In this interview, Chris King, Vice President of the Product Marketing, Networking, and Security Business Unit at VMware, discusses how a software-defined data center (SDDC) approach delivers breakthrough advances in data center agility, security, and speed.
SDxCentral: Is it possible to migrate your IT resources to virtualized environments while maintaining security and compliance control?
King: Absolutely – and even improve security while decreasing time and cost to compliance. Compute virtualization already has a large footprint in the industry, and customers have made the transition with great success, even for critical, regulated, and security-sensitive workloads. Network virtualization does for the network what server virtualization did for the compute infrastructure.
There is one interesting addition to the known benefits of virtualization, which include more efficient use of resources, provisioning speed and agility, and simplified and more efficient operations. Network virtualization delivers a data center networking environment that is fundamentally more secure. With network virtualization, security is built into the network itself!
Isolation and segmentation are accepted approaches to limiting scope. Hardware networks could be built with air gaps and heavy use of east-west firewalling, but this has been rejected by most organizations as too cumbersome, costly, and sluggish for modern data center environments. In contrast, virtualized networks are isolated from each other and from the physical network by default, and they enable software-based network micro-segmentation without significant operator overhead.
This enables organizations to segment data center networks based on logical instead of physical boundaries (applications and compliance scopes instead of physical network location) and to automate the alignment of controls and policies to those logical boundaries.
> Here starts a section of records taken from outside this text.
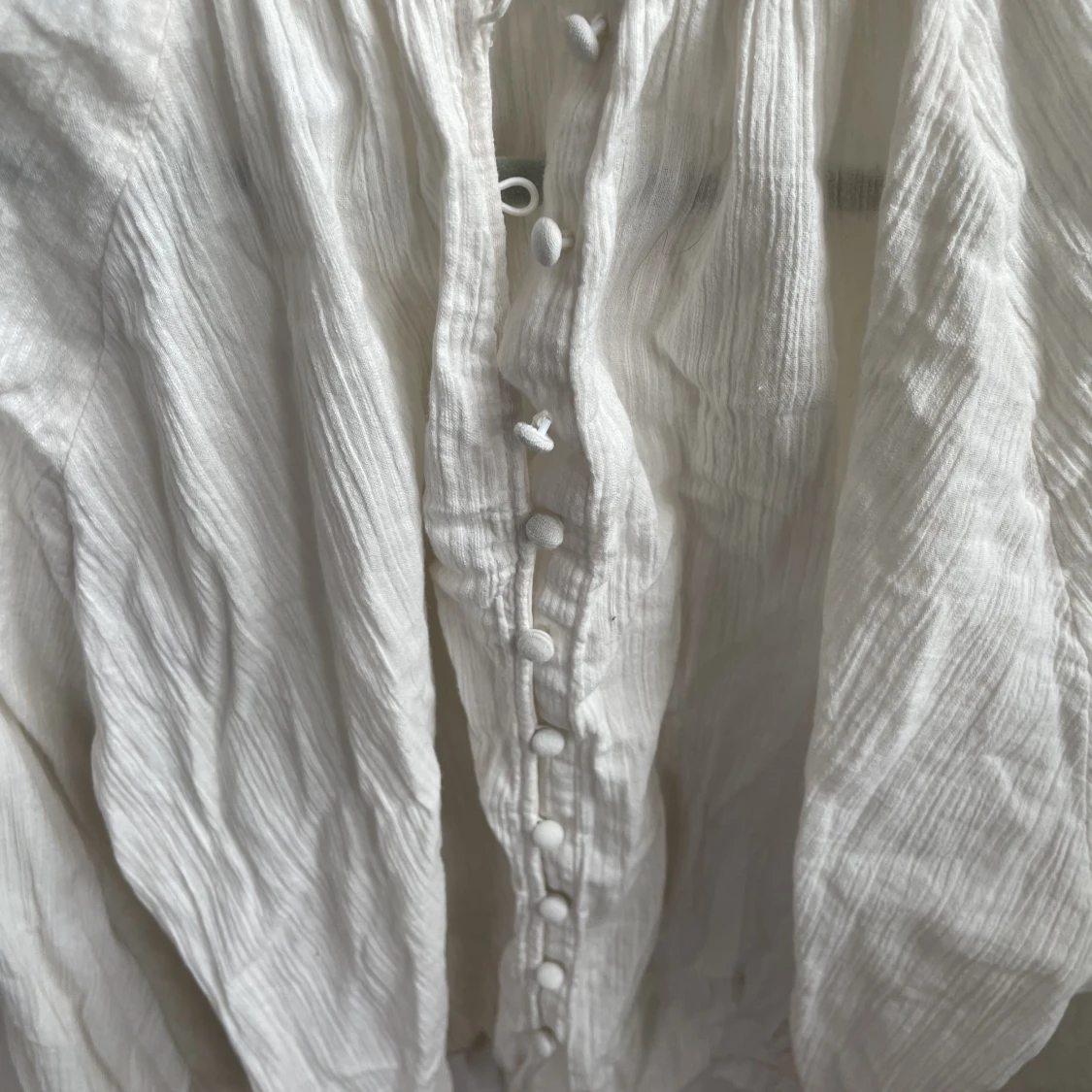 Söt blus med lång knapprad - 91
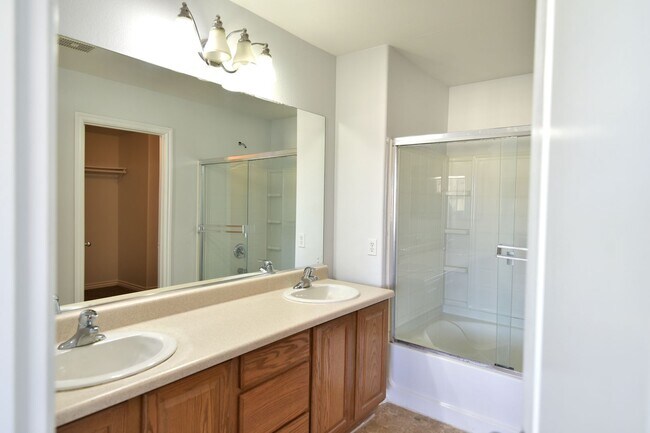 Building Photo - BEAUTIFUL 4BED/3BATH Home w/ 2 Car Garage ...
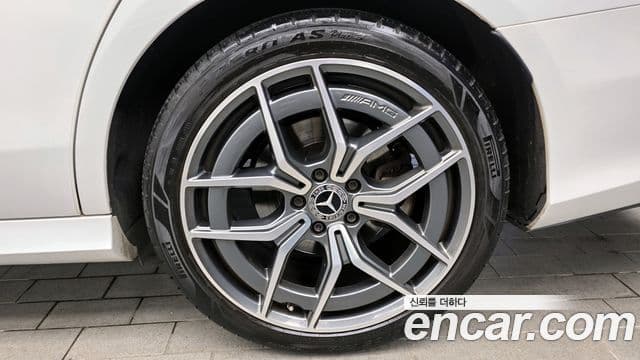 Mercedes-Benz E-класс W213 AMG Line, 2023 все фото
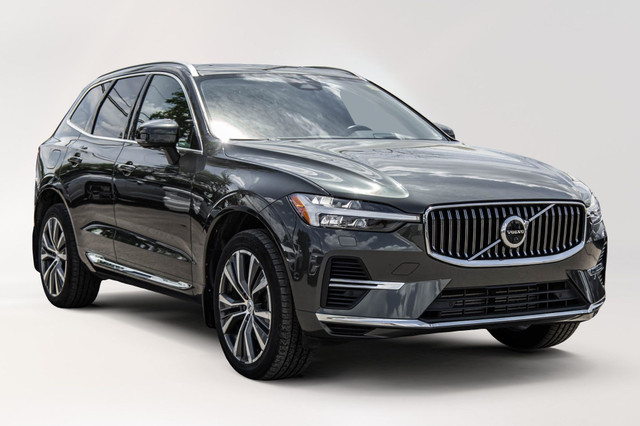 2022 Volvo XC60 in Cars & Trucks in City of Montréal - Image 4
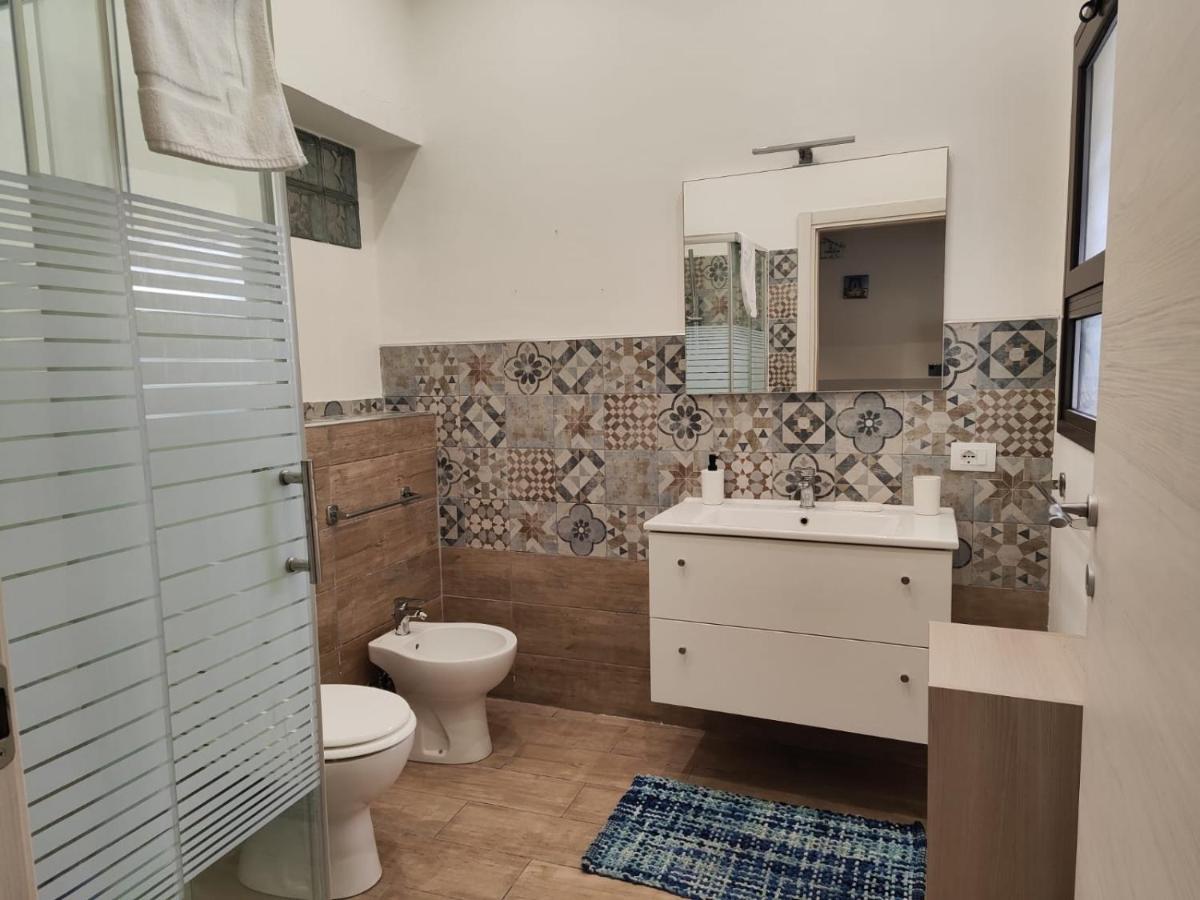 カターニアLa Casa Del Vicoloアパートメント エクステリア 写真
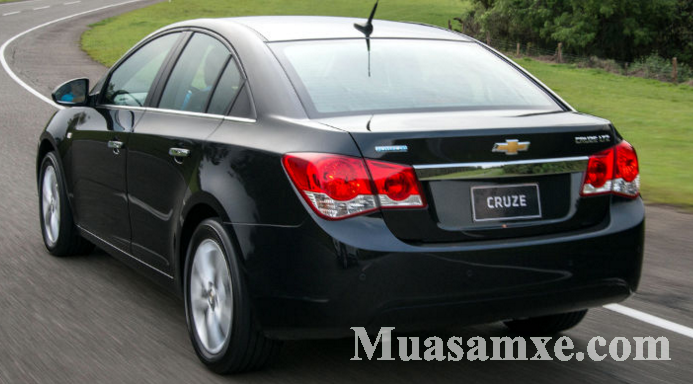 Đánh giá xe Chevrolet Cruze 2015 về hình ảnh, giá bán thị trường 3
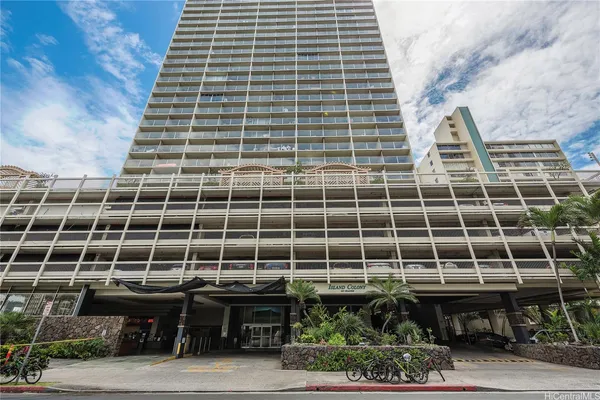 $1,980 | 445 Seaside Avenue, Unit 1011, Honolulu, HI 96815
All of this dramatically simplifies costs and complexity of compliance. Ultimately, software-defined data centers (SDDCs) and network virtualization enable us to create “least privilege” or zero-trust environments that are easier to secure and harder to breach.
What are some considerations for how to best support security and networking teams when migrating to SDDC environments?
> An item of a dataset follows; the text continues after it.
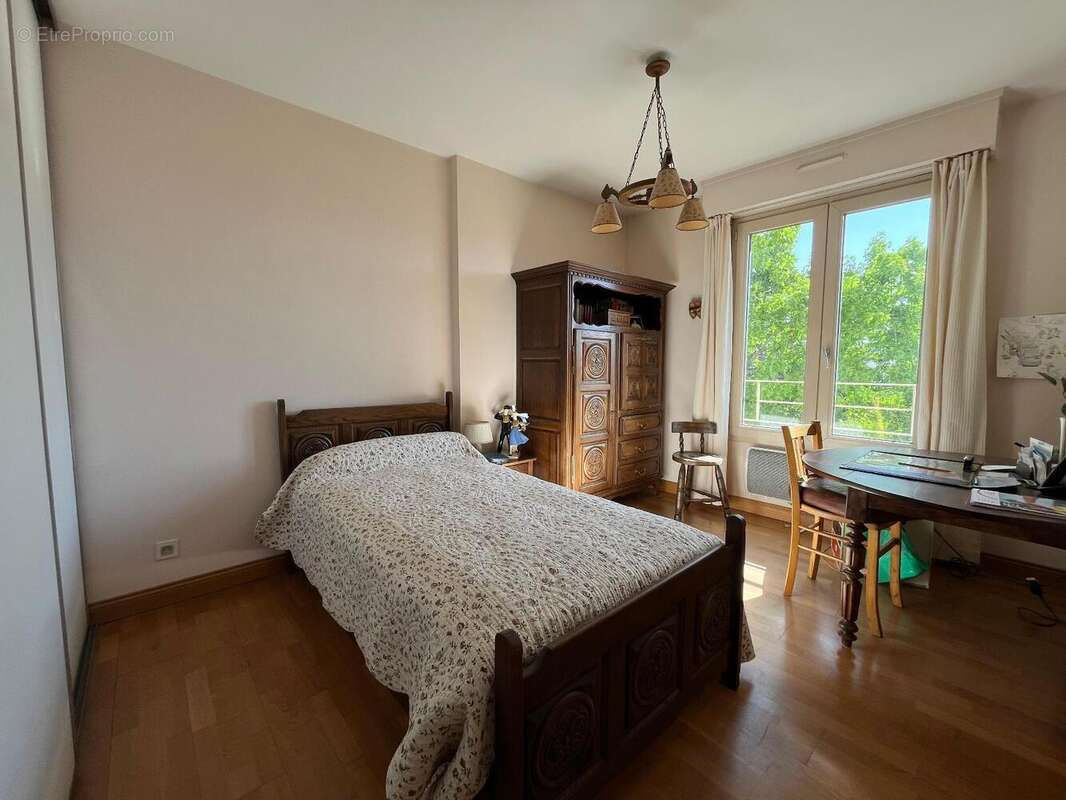 Appartement 100 m² à Angers  - photo 6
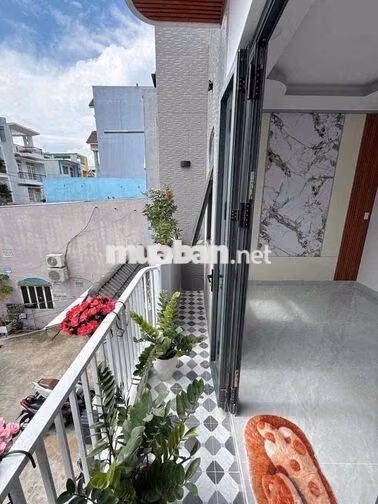 Bùi Tư Toàn Bình Tân hẻm 7m DT 4,9x9,5m giá 5,79 tỷ.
King: The vision of the SDDC (across compute, network, storage, security, and operations) encompasses a data center environment that enables organizations to spin up entire application environments that are connected, provisioned, secure, and operational – in minutes.
Obviously, NSX focuses on the networking and security aspect. NSX network virtualization overlays onto any existing networking infrastructure and works with any topology – from traditional three-tier to next-generation fabric architectures. Similarly, networking and security operators can continue to use familiar tools and workflows. In fact, separation of duties between the NSX operator and network operators and security operators is fully preserved, so SDDCs using NSX require minimal changes to the physical infrastructure or to administrative domains.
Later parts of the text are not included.